■ **Activity**: The lines to copy run from the one containing "Garten-Scheinsonnenhut 'Sombrero'® Garten-Scheinsonnenhut" to the end of the listing. Please write them out exactly, minus the pictures.

■ **Information shown**:

= Beginning of Section =

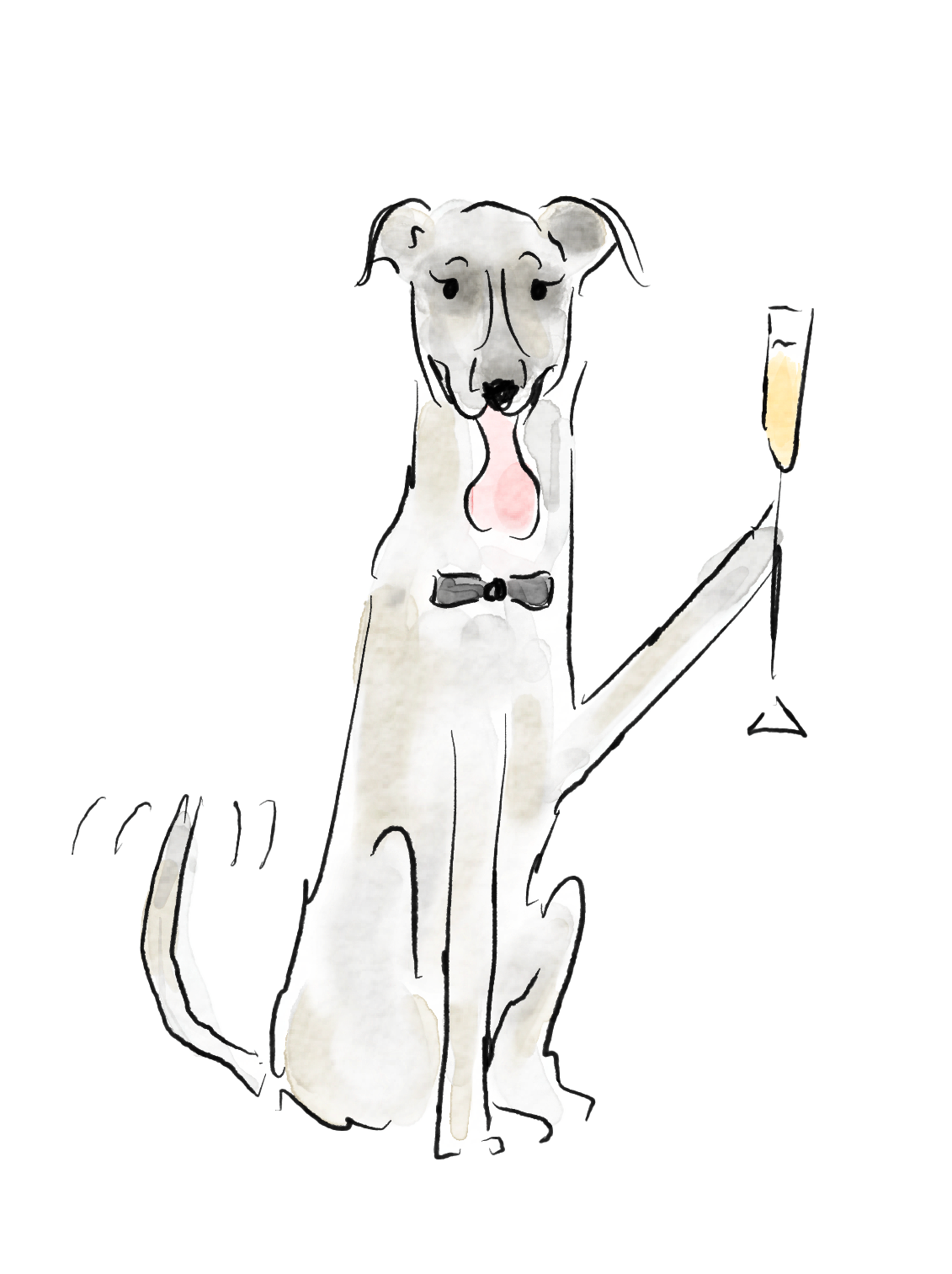 The Wedding Website of Kaitlyn Kasemodel and Spencer Ilstrup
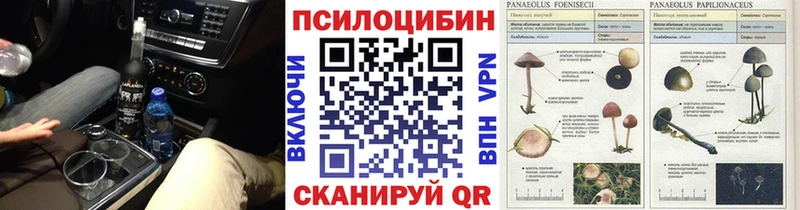 закладки  Аркадак  Псилоцибиновые грибы мухоморы 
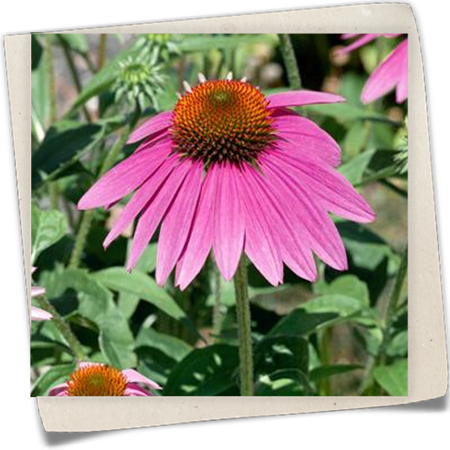 Garten-Scheinsonnenhut 'Sombrero'® Garten-Scheinsonnenhut 'Sombrero'®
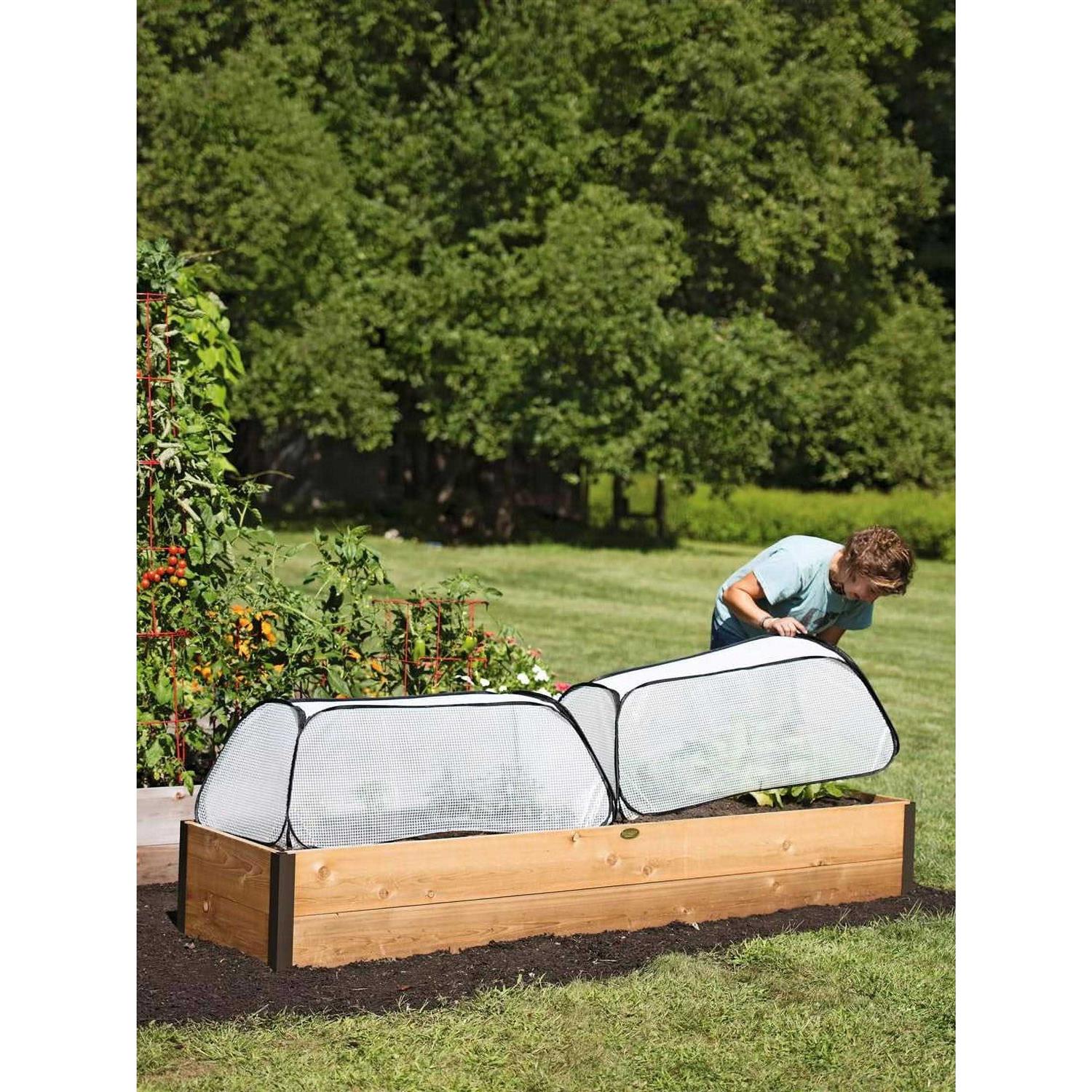 Row Shelter Accelerator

= End of Section =

■ **Answer to this task**:
 Garten-Scheinsonnenhut 'Sombrero'® Garten-Scheinsonnenhut 'Sombrero'®
 Row Shelter Accelerator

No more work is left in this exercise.